Meanwhile, the anti-establishment Tea Party movement was taking hold of the Republican Party.
Armed with homemade signs, the revolt was not just a response to Democratic President Barack Obama and the Affordable Care Act. They were also railing against the GOP establishment.
After Republican U.S. Rep. Henry Brown of Hanahan announced he was not running for reelection to South Carolina's coastal 1st Congressional District, Scott's phone lit up. One month later, Scott stopped his run for lieutenant governor and entered the U.S. House race that launched him into the national spotlight.

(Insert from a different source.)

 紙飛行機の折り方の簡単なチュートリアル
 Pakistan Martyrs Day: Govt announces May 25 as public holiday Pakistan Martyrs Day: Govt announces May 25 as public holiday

The GOP primary drew nine contenders, and Scott faced intense competition for the party's nomination. Two candidates were Republican political royalty with powerful names in South Carolina politics: Carroll Campbell III, the son of the former governor, and Paul Thurmond, the youngest son of Strom Thurmond.
Campbell issued a statement shortly after Scott announced his bid, dinging him for "abandoning what appears to be a failed campaign for lieutenant governor."
"Mr. Scott is just another politician in a string, all scrambling over one another to get into a campaign I have been in for nearly a year," Campbell said.
Scott raised almost $300,000 for his lieutenant governor race — at the time, South Carolina's governors and lieutenant governors were elected separately; gubernatorial nominees began picking their running mates in 2018 and now run as a joint ticket —and could not transfer that war chest to a federal campaign.
He would have to start from scratch and he leaned heavily on themes that would resonate with fiscal conservatives and Tea Party types.
He claimed he never voted for a tax increase during his 15 years in office. During a candidate forum on Pawleys Island, he decried Obamacare as unconstitutional and pledged to repeal it. He opposed earmarks and favored stricter border security.
"If we can send a man to the moon, we can build a fence," Scott said.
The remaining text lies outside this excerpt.